Claro que lo cree. Porque en la liturgia de su mentor no hay pecado mayor que reconocer la propia responsabilidad. Después de siete años en el poder, siguen actuando como si acabaran de llegar, repitiendo la letanía del enemigo neoliberal y sosteniendo a Calderón como su piñata favorita: una piñata rota, sin dulces, colgada en una fiesta que muy pocos disfrutan.

La única coherencia del discurso presidencial es su propia terquedad: nada de cambiar el modelo de la dádiva y el apoyo distorsionado, aunque el país se caiga a pedazos; modificar una sola palabra equivaldría a dudar del modelo draconiano que los mantiene de pie. Ese modelo, claro está, se alimenta del clientelismo disfrazado de justicia social: el reparto de dinero en efectivo que anestesia conciencias y compra simpatías, aunque no todas.

Y es que el truco ya no deslumbra. A estas alturas, la conducta presidencial es tan burda y tan elemental que millones de mexicanos pensantes ya no están dispuestos a que les vean la cara. La corrupción y el cinismo han borrado las diferencias entre la 4T y el PRI de los 70: el mismo paternalismo, el mismo culto al líder, el mismo control y la misma alergia a la crítica.

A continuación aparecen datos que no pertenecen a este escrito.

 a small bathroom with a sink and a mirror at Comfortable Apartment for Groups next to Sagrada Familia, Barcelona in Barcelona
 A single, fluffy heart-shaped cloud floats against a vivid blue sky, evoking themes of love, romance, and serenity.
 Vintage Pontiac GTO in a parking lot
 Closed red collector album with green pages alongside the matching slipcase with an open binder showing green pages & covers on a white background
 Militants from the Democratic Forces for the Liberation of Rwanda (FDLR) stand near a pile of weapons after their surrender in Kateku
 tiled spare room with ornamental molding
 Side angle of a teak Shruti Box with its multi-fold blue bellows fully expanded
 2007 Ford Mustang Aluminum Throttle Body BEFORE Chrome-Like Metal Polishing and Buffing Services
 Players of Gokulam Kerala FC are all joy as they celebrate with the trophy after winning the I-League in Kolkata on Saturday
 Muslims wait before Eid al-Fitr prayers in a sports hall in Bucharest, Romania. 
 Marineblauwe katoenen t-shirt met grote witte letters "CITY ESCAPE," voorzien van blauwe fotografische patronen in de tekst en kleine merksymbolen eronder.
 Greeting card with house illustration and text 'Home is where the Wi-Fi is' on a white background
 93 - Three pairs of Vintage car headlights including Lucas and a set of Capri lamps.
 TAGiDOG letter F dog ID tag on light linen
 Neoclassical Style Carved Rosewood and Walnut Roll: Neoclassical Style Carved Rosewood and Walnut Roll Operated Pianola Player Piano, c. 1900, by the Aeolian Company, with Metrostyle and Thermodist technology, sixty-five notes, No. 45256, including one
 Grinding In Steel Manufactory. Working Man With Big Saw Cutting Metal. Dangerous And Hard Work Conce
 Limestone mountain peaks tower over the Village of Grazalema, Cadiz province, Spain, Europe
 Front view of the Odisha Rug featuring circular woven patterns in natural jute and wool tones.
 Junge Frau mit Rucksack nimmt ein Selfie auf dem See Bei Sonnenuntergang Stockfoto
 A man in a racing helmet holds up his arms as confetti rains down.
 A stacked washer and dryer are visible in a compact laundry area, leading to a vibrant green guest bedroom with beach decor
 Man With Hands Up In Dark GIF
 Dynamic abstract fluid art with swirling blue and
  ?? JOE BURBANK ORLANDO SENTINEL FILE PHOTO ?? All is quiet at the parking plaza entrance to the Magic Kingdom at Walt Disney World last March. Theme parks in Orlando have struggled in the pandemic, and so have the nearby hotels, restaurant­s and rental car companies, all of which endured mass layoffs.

Porque el dogma de Sheinbaum es claro: “Si no estás conmigo, eres mi enemigo”. Y bajo esa lógica maniquea, el pensamiento independiente se vuelve sospechoso. No hay ciudadanía, solo fanáticos. No hay debate, solo sermón. No hay país, solo un púlpito desde el que se reparte bendición o excomunión según la lealtad.

Por eso la 4T se ha dedicado con saña a desmantelar toda estructura autónoma, toda institución que huela a independencia ciudadana. Le tienen pavor a los movimientos civiles, a las organizaciones que no controlan, al ciudadano que piensa sin permiso. Y como no pueden entender la protesta sin conspiración, inventan enemigos: conservadores, neoliberales, «ricos”, fantasmas útiles para tapar la corrupción y los desvíos del presente.

Michoacán, con el asesinato de Carlos Manzo, les mostró el espejo: un pueblo que ya no se traga el cuento del todo es culpa del pasado, ese pasado que no le toca un pelo a López Obrador al que pretenden tapar a base de cinismo y descaro. Y frente a eso, la presidente y su corte de radicales han respondido como saben hacerlo: con soberbia, con desprecio y, en el fondo, con la cobardía del poder que teme al pueblo real.

La 4T se ha quedado sin discurso, pero se la juega tratando de vulcanizar sus suelas desgastadas, e insiste en gritar. Y en cada palabra, se le nota más la desesperación de quien confunde gobernar con adoctrinar y justicia con obediencia.
El resultado está a la vista: un país exhausto, dividido, y un gobierno que ya no sabe escuchar porque solo aprendió a repetirse a sí mismo. El cambio para ellos, no es cambiar. Hacerlo, significa recular. La terquedad obradorista, en voz de la presidente, es por ahora su mejor arma. De ese tamaño.